§ **DATA SHOWN**

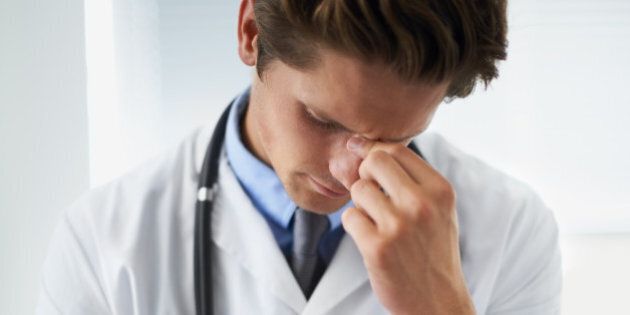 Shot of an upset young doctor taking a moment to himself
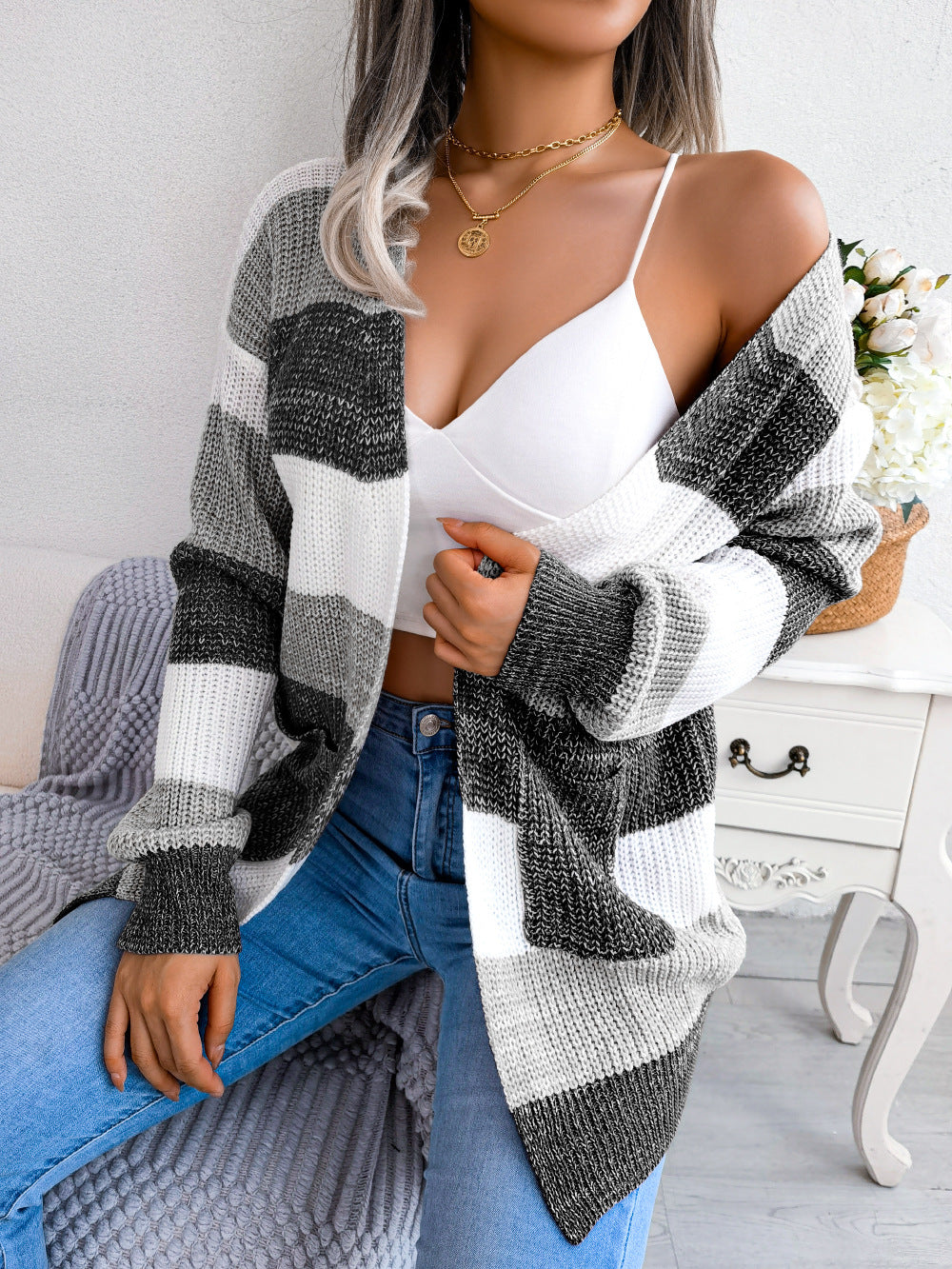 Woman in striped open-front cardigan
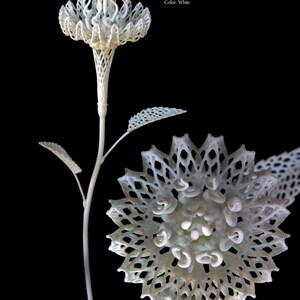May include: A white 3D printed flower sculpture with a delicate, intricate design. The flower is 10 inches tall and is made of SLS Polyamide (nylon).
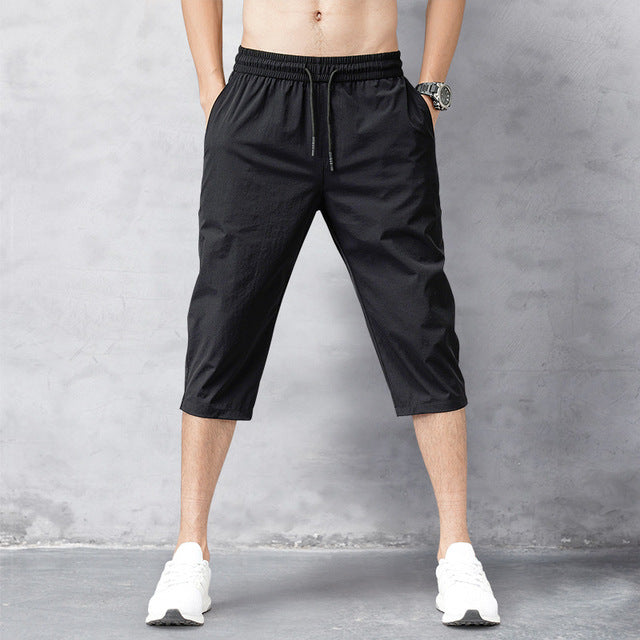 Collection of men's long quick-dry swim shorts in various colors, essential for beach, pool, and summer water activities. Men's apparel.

§ **PROBLEM TO WORK ON**
Set down the line containing "Woman in striped open-front cardigan", then every later line through the end of the material, exactly as written; omit any picture.

§ **FINISHED EXERCISE**
 Woman in striped open-front cardigan
May include: A white 3D printed flower sculpture with a delicate, intricate design. The flower is 10 inches tall and is made of SLS Polyamide (nylon).
 Collection of men's long quick-dry swim shorts in various colors, essential for beach, pool, and summer water activities. Men's apparel.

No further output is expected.